Papu est un marginal, qui vit de petites escroqueries. Alors qu'il est victime d'un accident, il décide de simuler une paralysie pour arnaquer les assurances. Ces dernières délèguent un inspecteur, Ronald Fox-Terrier, pour démasquer la supercherie.

Analyse et critique

Les rapports entre Jean-Pierre Mocky et la religion catholique ont parfois été réduits à l’anticléricalisme primaire d’un anarchiste provocateur, ce qui – quand bien même il y aurait un réflexe de cet ordre chez lui – semble ne pas suffire.
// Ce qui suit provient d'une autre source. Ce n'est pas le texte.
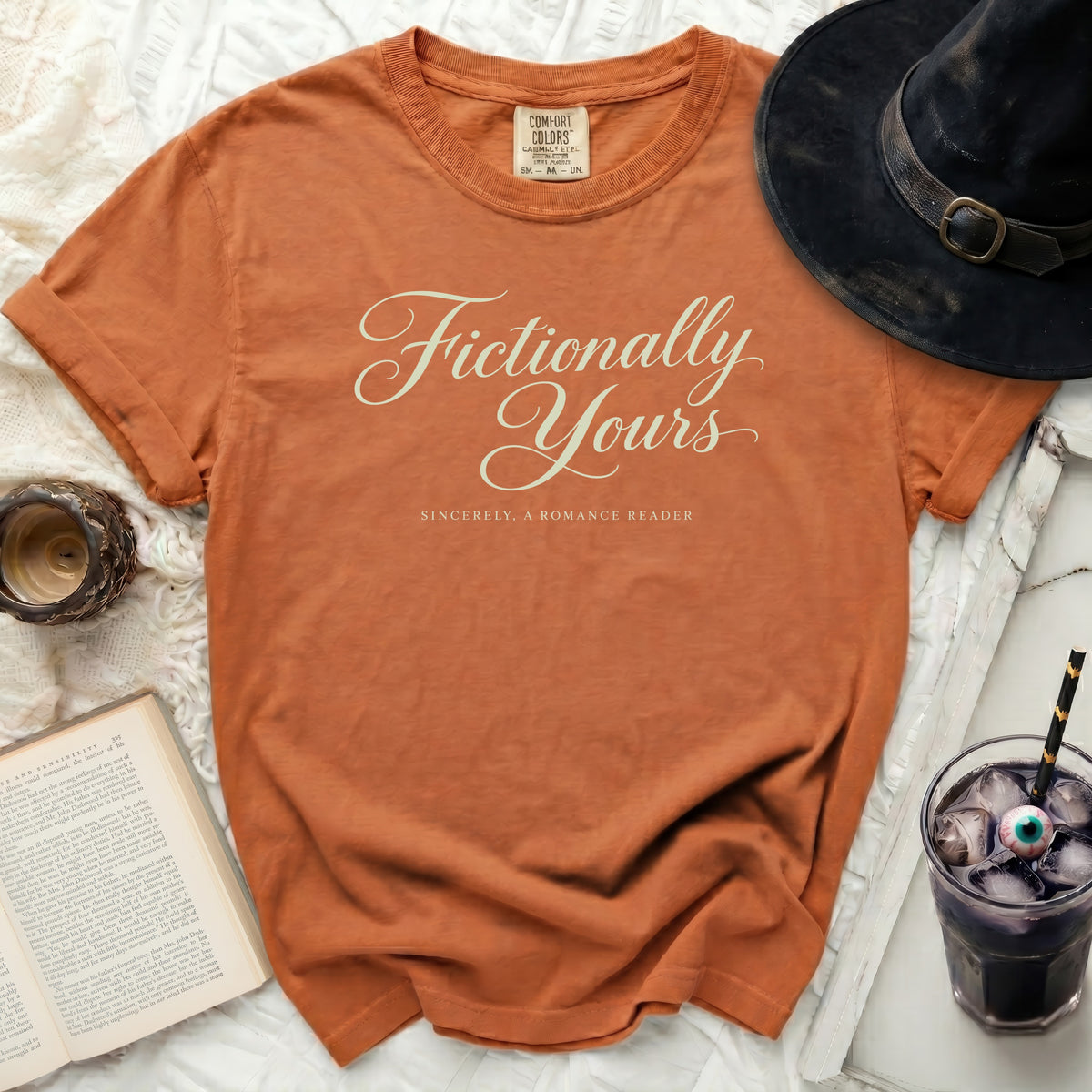 Orange Comfort Colors t-shirt with "Fictionally Yours" and "Sincerely, A Romance Reader" text.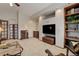 Spacious living room featuring carpeted floors, a wet bar, and a large TV at 10032 Astoria Ct, Lone Tree, CO 80124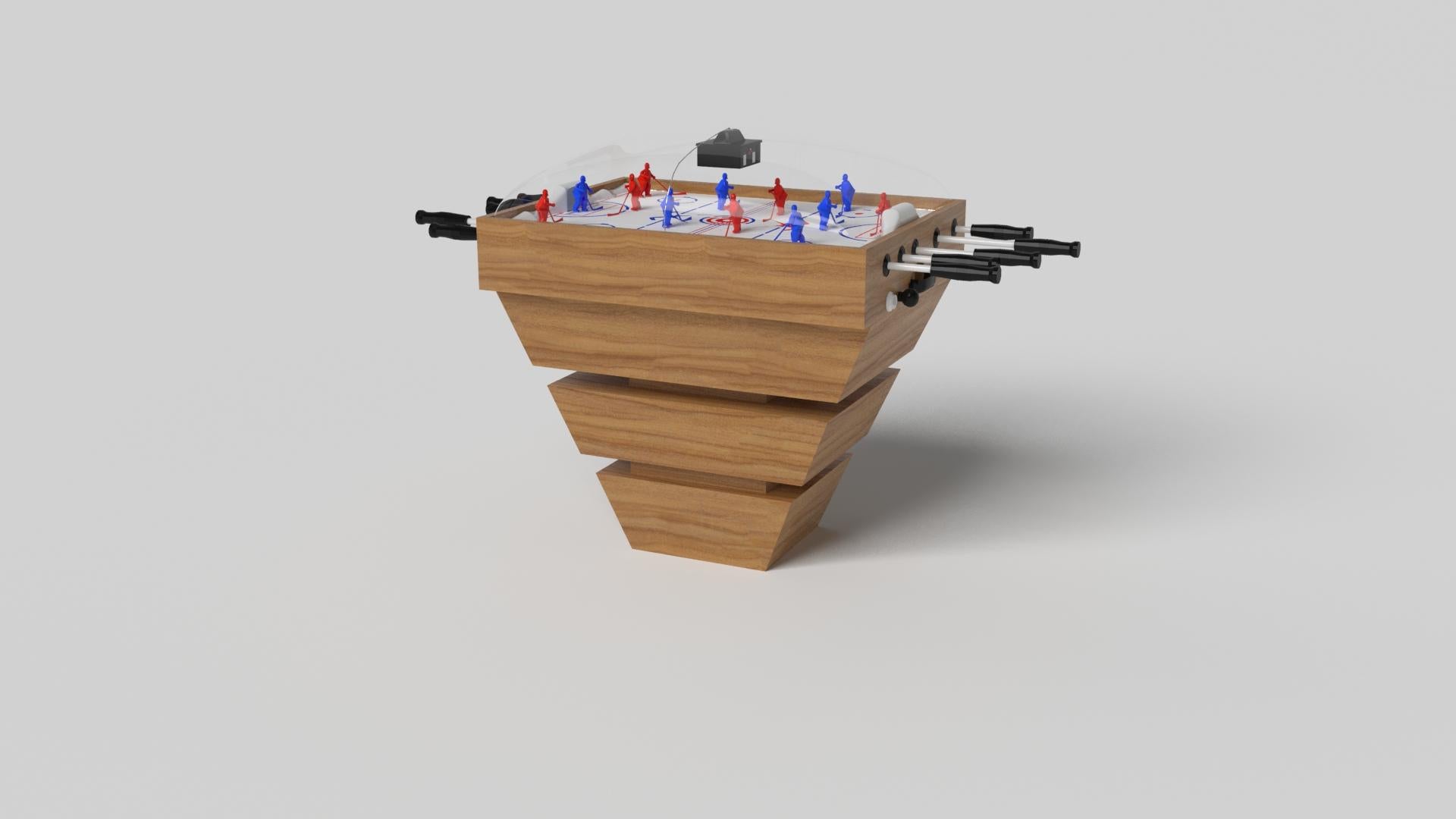 Three solid pieces of wood seemingly float around a concealed center base, making the Louve dome hockey table in chrome one of our most mind-bending designs. This contemporary game table features a smooth hand-sanded finish with a tapered base that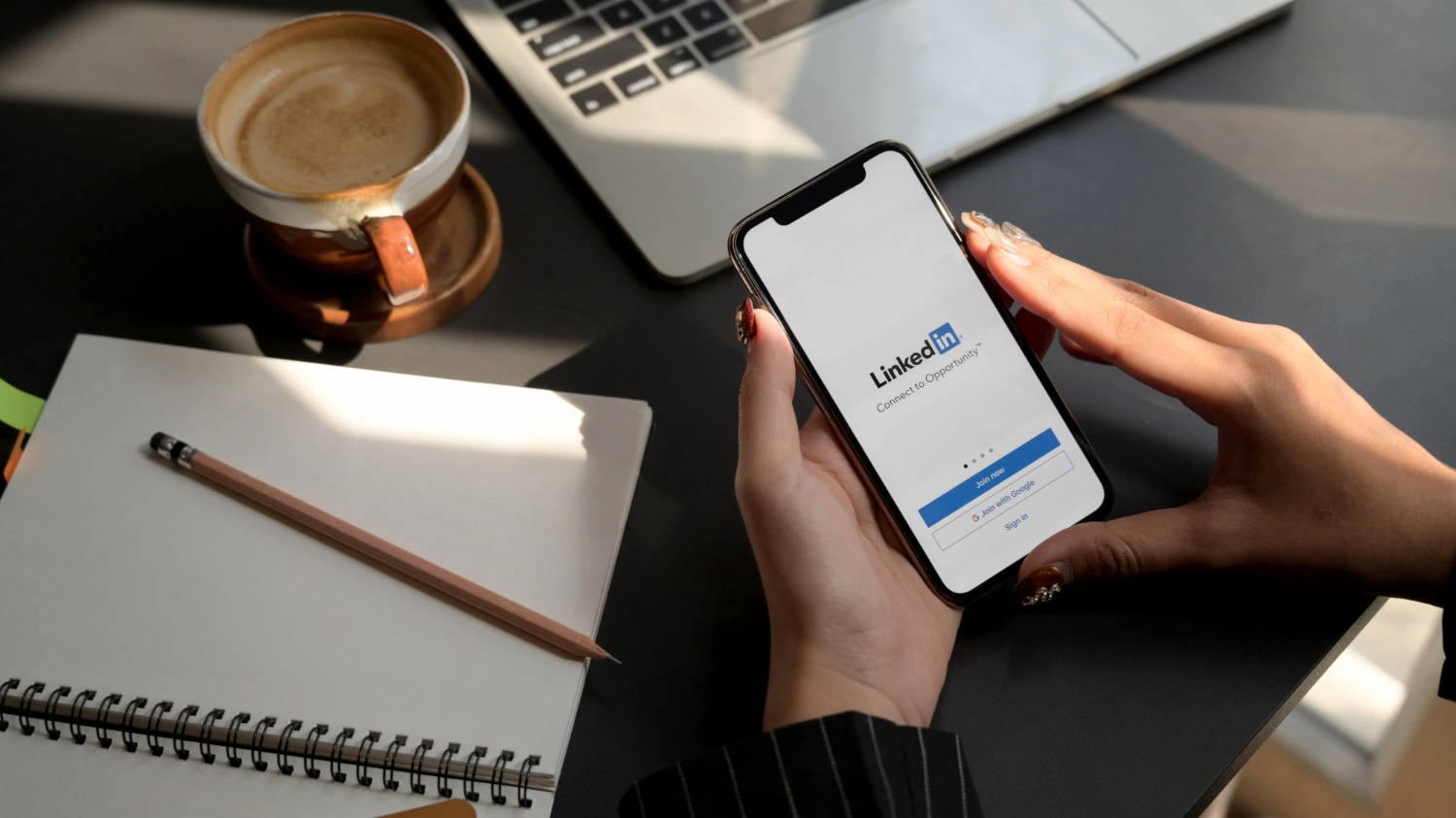 Escritorio con portátil, café, libreta y móvil mostrando la app de LinkedIn en manos de una persona.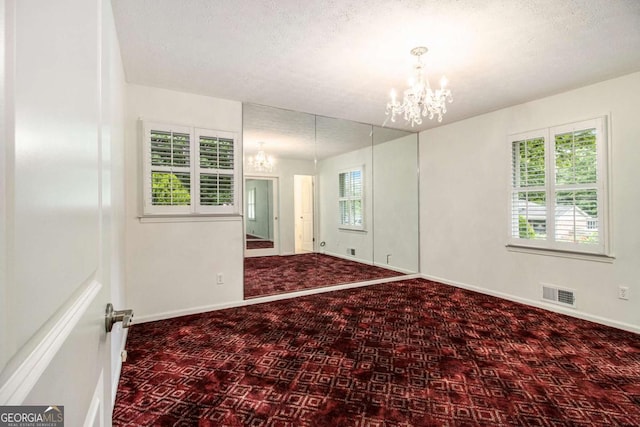 2983 Peek Rd NW, Atlanta, GA 30318 - spare room with a chandelier and a textured ceiling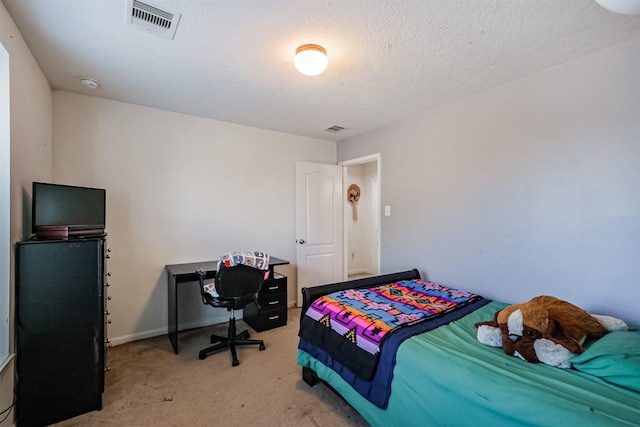 bedroom featuring carpet floors and visible vents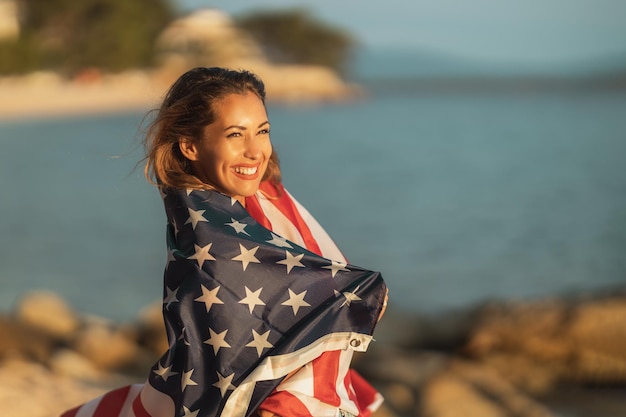 Souriante jeune femme avec drapeau national américain profitant d'une journée de détente sur la plage.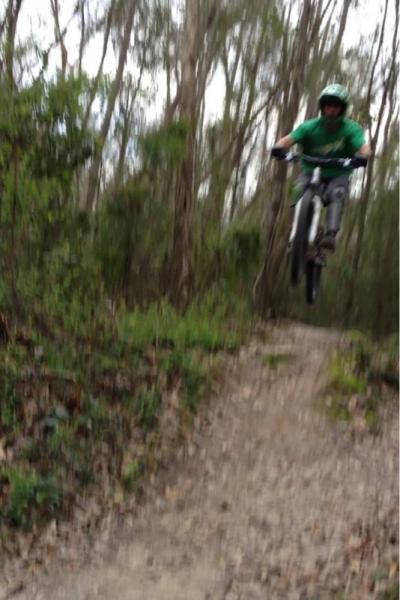 A person in a green shirt and helmet performing a jump on a mountain bike along a dirt trail, surrounded by trees and foliage. The image is slightly blurred, capturing the motion of the jump. Comite Trails mountain bike trail.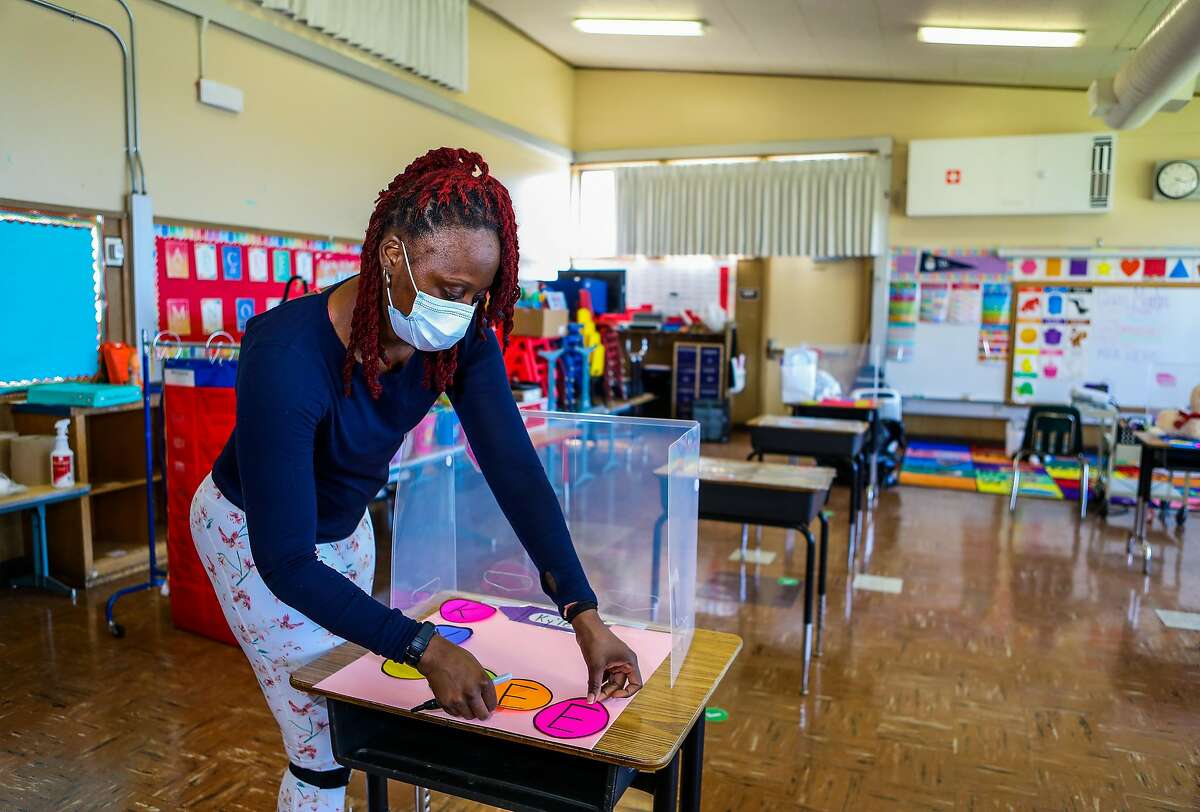 Shaione Simmons, who teaches transitional kindergarten and kindergarten, places a student's name on a desk as she preps her classroom at Madison Park Academy Primary on Thursday, March 25, 2021, in Oakland, Calif. The school is preparing to reopen on Tuesday.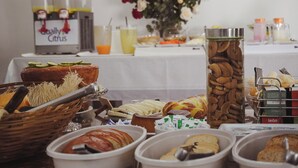 Een ontbijtbuffet met diverse etenswaren, zoals brood, gebak en een sapautomaat.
Enfant, il avait été baptisé, selon la volonté de sa mère, et durant les vingt-cinq premières années de sa carrière de cinéaste iconoclaste, il a semblé conserver une forme de réserve vis-à-vis de l’Église : évidemment, quand il s’agissait dans ses comédies satiriques de brocarder l’hypocrisie des dominants, il se trouvait forcément un curé ou un évêque dans le lot (voir Snobs!), mais si on compare son traitement à celui qu’il y réserve aux autres formes d’ « autorité » sociale (policiers, dirigeants politiques, bourgeois…), son fleuret semble presque moucheté.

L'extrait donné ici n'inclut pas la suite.